Several hundred years later, Boaz bought some land, Naomi’s land. By then, Israel had possession of Canaan, and had divided it among tribes and families. Under the Law, if there were no direct descendants left to take title to family land, it could be redeemed by a next-of-kin, but with a catch. The land came with the dead man’s wife, and any children born of that union were deemed to belong to the dead man so that the land would stay in the family. Naomi was old, and her husband and sons were all dead. Her Moabite daughter-in-law, Ruth, had moved to Israel with her to share her sorrow and desperate poverty. Boaz wanted to marry Ruth, but another guy was in line for the land—and the woman. Seems like Boaz already had plenty of land of his own, and no need for Naomi’s, but he had to buy it to get Ruth. So in Ruth 4 we see him buying the land, along with its “baggage”—a title problem that meant his own children would be deemed the sons of another and the land would revert to that man’s family. All for the gracious love of an alien woman who would become one of the four women named in the line of Christ.

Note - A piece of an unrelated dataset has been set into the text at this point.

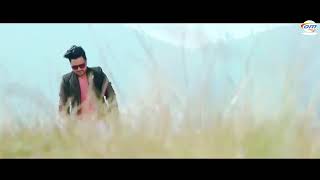 Download lagu Kyu Preet bhul gyi yaro ki ... Rajasthani Status mp3 Download lagu Kyu Preet bhul gyi yaro ki ... Rajasthani Status mp3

Fast forward to David. God calls him the man after His own heart, but David still did stupid things and angered God from time to time. 2 Samuel 24 and 1 Chronicles 21 record a census he ordered, and makes it clear that everyone knew this was a huge offense to the Lord. The repentant David is given a choice of judgments, and throws himself on God’s mercy. Seventy thousand die of plague, but at the threshing floor of Araunah, the Lord relents. David is commanded to build an altar there. Araunah, after encountering the angel, urges David to take the site and the animals. But David insists on paying full price to buy the place before he will worship, refusing to sacrifice in a way that costs him nothing. That bit of land would become the site of the Temple, a pivotal piece of land for both Jews and Muslims yet today.

Lastly, in the dark days just before Judah was conquered by Babylon and carried into exile, God directed his prophet Jeremiah to buy a field. Jeremiah 32 finds Jeremiah in prison and Jerusalem under siege, but he obeys this crazy command that no doubt made him look even more like a collaborator. After the deed is sealed away, Jeremiah wonders what God could possibly be doing, and God gives His promise to restore His people and to bring again a day when land would be bought and sold in a prosperous Israel.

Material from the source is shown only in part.